Le chapitre 4 est consacré aux tricheurs et aux menteurs... pas les DRH, les candidats ! Sauf à penser que les DRH sont responsables des tricheries des candidats, on peut légitimement s'interroger sur la présence de ce chapitre. D'autant plus que l'auteur le dit lui-même : "on ne dispose pas d'études scientifiques sur le sujet en France qui permettent de connaître l'étendue des mensonges sur les cv".
Finalement, le chapitre le plus intéressant (selon moi) est celui consacré à la diversité. Le ton est donné dès le titre : "la diversité : un bien étrange engouement" :
"que nous disent les nombreuses études scientifiques étrangères qui étudient cette hypothèse d'un lien entre diversité et performance ? Ces études sont assez nombreuses pour que les chercheurs réalisent des synthèses (dites méta-analyses) de ces multiples observations. Verdict : elles ne permettent pas de conclure que la diversité, quelle qu'elle soit, est toujours un facteur de performance" (p 206).
"Il est absurde de combattre les discriminations avec un argument liant diversité et performance. En effet, on peut aisément trouver de multiples circonstances dans lesquelles la performance d'une entreprise sera meilleure si elle discrimine et n'est pas diversifiée" (p 207).
"Il y a quelques années, les meilleurs chercheurs, rassemblés par Thomas Kochan, professeur au M.I.T., réalisèrent une vaste enquête sur le lien entre diversité et performance [...] son étude va à l'encontre de l'idéologie dominante en montrant que la diversité ethno-raciale dégrade à court-terme la performance" (p. 208).

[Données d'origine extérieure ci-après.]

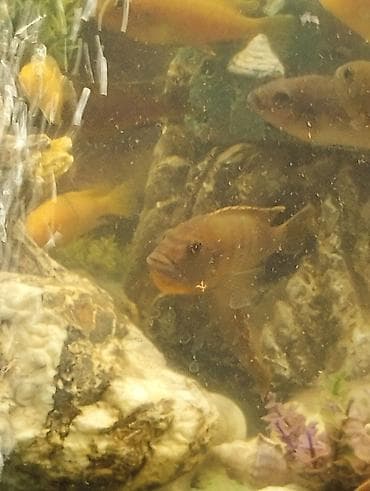 Akvarium üçün Malawi baliqlari 1sm0,50 man – qrup satış - Növ: Afrika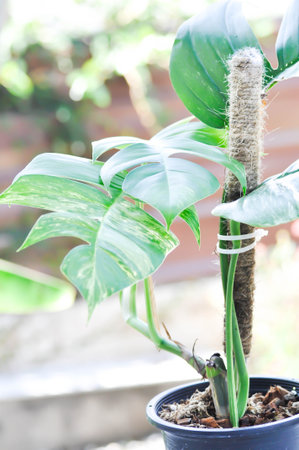 Epipremnum,Epipremnum Pinnatum Variegata or Epipremnum pinnatum variegated albo plantの写真素材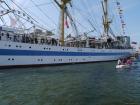 thumbs/20150822T134544_Amsterdam_Sail_2015.jpg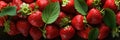 A close up of a bunch of strawberries. Sweet fruits background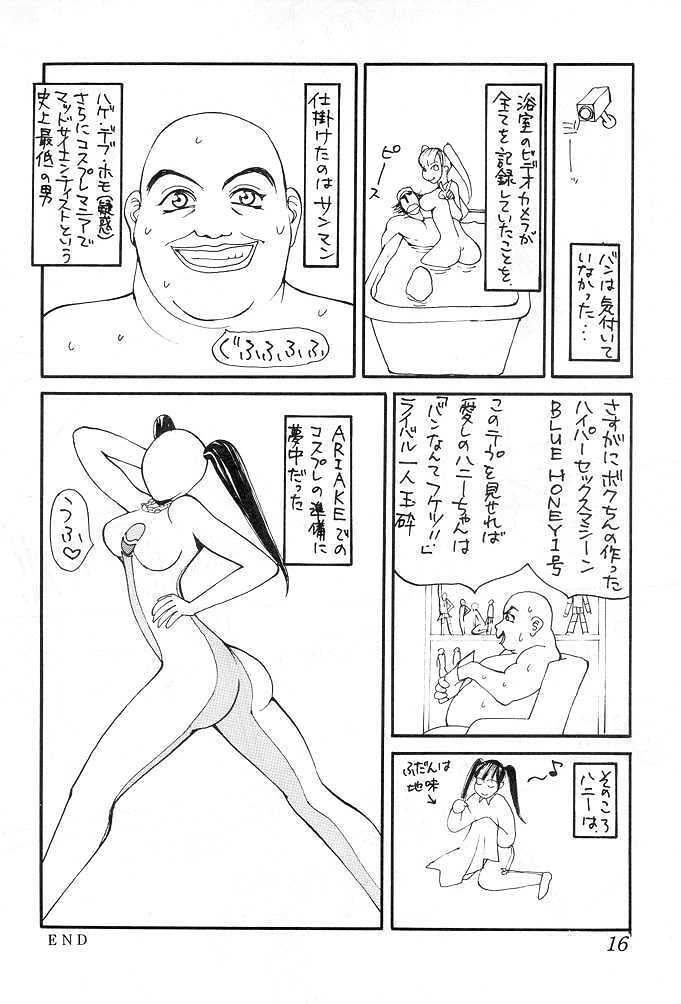 [Senpuga] HONEY & CHERRY (Fighting Vipers, Virtua Fighter, Street Fighter) page 15 full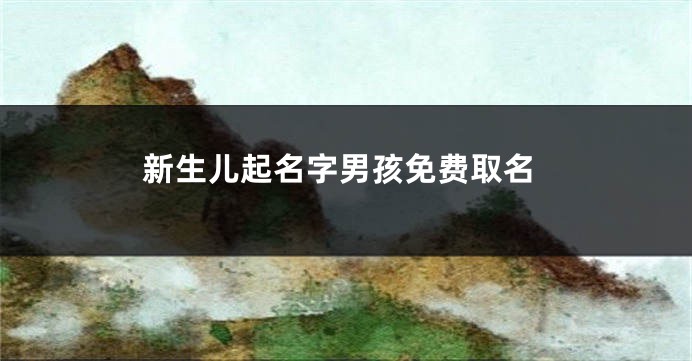 新生儿起名字男孩免费取名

Pour ceux qui ne seraient pas certains d'avoir compris l'absence de lien entre diversité et performance, je renvoie à la page 209.
Bien évidemment, ce chapitre ne se résume pas aux extraits précédents. La diversité est un thème "à la mode", comme le souligne l'auteur, plus souvent traité par les professionnels de la communication que ceux des RH. Toute mode se démodant, il est à craindre que la réflexion sur la diversité disparaisse au profit d'un nouveau sujet... qu'un sociologue émérite aura fait émerger.

Au final, un livre qui se lit bien, mais qui semble tourner en rond par instant. Et surtout, un autre titre aurait peut-être permis une discussion plus sereine. Même si l'auteur s'en défend, il est difficile pour un responsable des ressources humaines de ne pas se sentir sur le banc des accusés. Pour le public, un tel titre (habituellement vendeur au demeurant) (4) renforce la défiance envers ceux "qui licencient", "pour qui les salariés sont des dossiers"...  Dès lors, je ne suis pas certain que la refondation des RH, voulue par J.-F. Amadieu (5), se fasse avec lui. Une discrimination de plus.


(1) Jean-François Amadieu, DRH, le livre noir, Paris, Le Seuil, 2013, 237 p. 
(2) pour lire les résultats de cette enquête, cliquer ici.
 (3) pour lire ce document, cliquer ici.
(4) Pour rappel, le premier titre à succès fut Le livre noir du communisme, publié en 1997.
(5) "Ce livre, qui se présente comme une critique des dérapages et des insuffisances de nombreuses techniques, n'est donc pas un réquisitoire. Il veut contribuer à la refondation parfois engagée par certains DRH" (p 236).